HealthLawProf Blog

Editor: Katharine Van Tassel
Case Western Reserve University School of Law

Thursday, September 7, 2023

Trans Sex Equality Rights After Dobbs

Marc Spindelman (Ohio State University), Trans Sex Equality Rights After Dobbs, 172 U. Pa. L. Rev. (2023):

In L.W. v. Skrmetti, a divided Sixth Circuit panel gave Tennessee the green light to start enforcing its ban on gender-affirming care for transgender youth. Central to that decision, since extended to cover a companion case, was the panel’s distinctive vision of what Dobbs v. Jackson Women’s Health Organization means for trans people’s constitutional sex equality rights. This brief essay examines that vision and explains why it’s deficient in the face of Dobbs’ insistent promises that it’s a ruling limited to abortion rights.
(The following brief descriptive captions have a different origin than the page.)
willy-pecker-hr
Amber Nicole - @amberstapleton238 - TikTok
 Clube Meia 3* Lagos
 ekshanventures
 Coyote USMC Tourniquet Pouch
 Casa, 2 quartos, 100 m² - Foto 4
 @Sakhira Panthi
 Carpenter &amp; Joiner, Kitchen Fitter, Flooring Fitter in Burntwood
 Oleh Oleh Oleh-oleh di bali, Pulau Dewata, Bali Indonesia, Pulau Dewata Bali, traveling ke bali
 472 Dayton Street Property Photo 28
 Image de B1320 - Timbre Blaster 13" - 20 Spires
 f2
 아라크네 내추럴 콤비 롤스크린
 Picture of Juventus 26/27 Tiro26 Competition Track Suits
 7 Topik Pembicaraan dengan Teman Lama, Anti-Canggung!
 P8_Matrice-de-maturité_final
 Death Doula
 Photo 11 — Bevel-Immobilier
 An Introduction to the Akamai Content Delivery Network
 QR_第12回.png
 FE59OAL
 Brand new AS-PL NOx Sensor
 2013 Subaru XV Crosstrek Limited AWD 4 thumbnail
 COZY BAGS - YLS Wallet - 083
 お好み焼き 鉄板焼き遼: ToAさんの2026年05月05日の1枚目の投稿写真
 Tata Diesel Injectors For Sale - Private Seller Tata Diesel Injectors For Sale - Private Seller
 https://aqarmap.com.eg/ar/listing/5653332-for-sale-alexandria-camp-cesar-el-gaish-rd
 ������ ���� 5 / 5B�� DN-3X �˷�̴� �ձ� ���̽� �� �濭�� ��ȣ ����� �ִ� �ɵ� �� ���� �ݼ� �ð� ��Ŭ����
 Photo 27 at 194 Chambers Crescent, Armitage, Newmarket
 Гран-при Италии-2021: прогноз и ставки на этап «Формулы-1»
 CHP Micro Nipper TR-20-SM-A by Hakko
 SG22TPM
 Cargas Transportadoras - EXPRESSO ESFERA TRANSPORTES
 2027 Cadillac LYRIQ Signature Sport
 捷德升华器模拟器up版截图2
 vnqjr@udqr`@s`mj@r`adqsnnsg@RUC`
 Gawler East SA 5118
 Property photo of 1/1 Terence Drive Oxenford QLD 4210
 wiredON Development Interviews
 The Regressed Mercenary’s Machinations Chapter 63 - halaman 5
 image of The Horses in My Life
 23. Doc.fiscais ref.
By its own terms, Dobbs announces no authoritative deviation from established legal protections for other constitutional rights, including LGBTQIA+ peoples’ rights, and, more specifically, trans people’s sex equality rights. Beyond being duty-bound to follow Dobbs’ promises—emphasizing abortion’s uniqueness as key to Dobbs’ self-limitations—lower courts should affirm Dobbs’ line-drawing as an exercise seeking to preserve the Court’s institutional legitimacy and the American public’s faith in the rule of law. Dobbs effectively instructs it’s up to the Supreme Court—not lower courts—to decide whether to honor or abandon Dobbs’ promises, including in the Fourteenth Amendment sex equality setting involving trans sex equality rights.